According to his own preface (pp. x-xi), the author of the book under review here, Adrian Kuzminski, had been intrigued by the ancient Pyrrhonists since early years. The idea to trace similarities between Greek and Indian philosophy was the result of two travels, one to Benares, India, and the other to a number of Greek sites in Italy, Turkey and Greece itself, where “ruins of mostly sacred architecture reminded me that ancient Greek culture was more steeped in soteriological concerns than we normally assume.” Further inspiration came from an article by Everard Flintoff,1 and Kuzminski fittingly recognizes his indebtedness to its author by dedicating the present book to his memory. He also thanks a number of colleagues, in particular C.W. Huntington, Jr., for their assistance. An article by Kuzminski from 20072 could be regarded as a preliminary treatment of the subject; its contents have been integrated with ch. 2 of the book. Kuzminski is now a research scholar in philosophy at Hartwick College at Oneonta, in upstate New York. He is active in local politics, involved in ongoing debates in the media, and author of a book on today’s populism in a historical perspective.3

Beyond Kuzminski’s own preface, a Foreword by Huntington, a short bibliography and an index (mainly of names and philosophical terms), the book consists of four chapters. The first chapter, ‘Why Pyrrhonism is not scepticism,’ claims that it is necessary to differentiate between two strands of Western philosophy that have essential elements in common and therefore have been confused with each other under the common designation “scepticism.” Kuzminski calls these varieties “Pyrrhonism” and “scepticism,” respectively. In his terminology, Pyrrhonism is in antiquity represented by a series of philosophers starting with Pyrrhon of Elis and including among others Sextus Empiricus, whose philosophical writings have in part been preserved and serve as an important source of information on ancient philosophy in general and on Pyrrhonism/scepticism in particular. The only ancient philosophers who deserve to be designed as “sceptics” in Kuzminski’s meaning of the word were the members of the so-called New Academy, that is, Arcesilaus, Carneades, Clitomachus and others who flourished in the third and second centuries B.C. The terminology here becomes slightly confusing, for Sextus, who is one of Kuzminski’s Pyrrhonists, calls both himself and Pyrrhon skeptikoi — as Kuzminski is well aware (p. 5) — and, as one might add, the Neo-Academics are never called skeptikoi in any ancient text known to us. When Sextus and other later followers of Pyrrhon chose to denote themselves as skeptikoi, they used the word in the sense of, approximately, ‘searchers,’ as being derived from the verb skeptomai‘to search, inquire.’ The point of choosing this designation was that the “sceptics,” in their search for truth, although recognizing the futility of all dogmatic philosophies, did not declare truth impossible to attain but continued searching for it. By this designation they wished to differentiate themselves from the Neo-Academics, who made dogmatic assertions to the effect that true knowledge is unattainable and that, consequently, searching for knowledge is futile.

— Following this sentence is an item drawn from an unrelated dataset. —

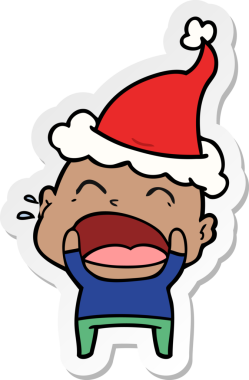 Bir insan tarafından çizilmiş Noel Baba şapkası giymiş bağıran kel bir adamın el yazısı.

As Sextus himself points out,4 his own philosophy was confused with that of the Neo-Academics already in antiquity. Sextus himself even recognizes some sort of affinity with Arcesilaus, who declared that philosophy aimed at “suspension of judgment” ( epochê) which, according to Sextus, would result in the desirable state of “tranquility” ( ataraxia).5 According to Kuzminski’s interpretation, the Pyrrhonists “did accept the testimony of what is evident, that is, of the immediate, involuntary experiences we have of sensations and thoughts, and they accepted reliable inferences from these to other immediate involuntary experiences” (p.1), whereas the real sceptics, i.e. the Neo-Academics, “question evident things as well as those nonevident, claiming that our senses deceive us” and assert that “we can know nothing at all” (pp. 3-4). When concluding from this that no knowledge whatsoever is possible, the Neo-Academics represent a negative dogmatism. The Pyrrhonists avoid that by refusing to make assertions about what is non-evident and by relying on sensatory experiences for what they are, i.e., precisely sensatory experiences and not more or less misleading evidence for something beyond the sphere of immediate sensations and thoughts.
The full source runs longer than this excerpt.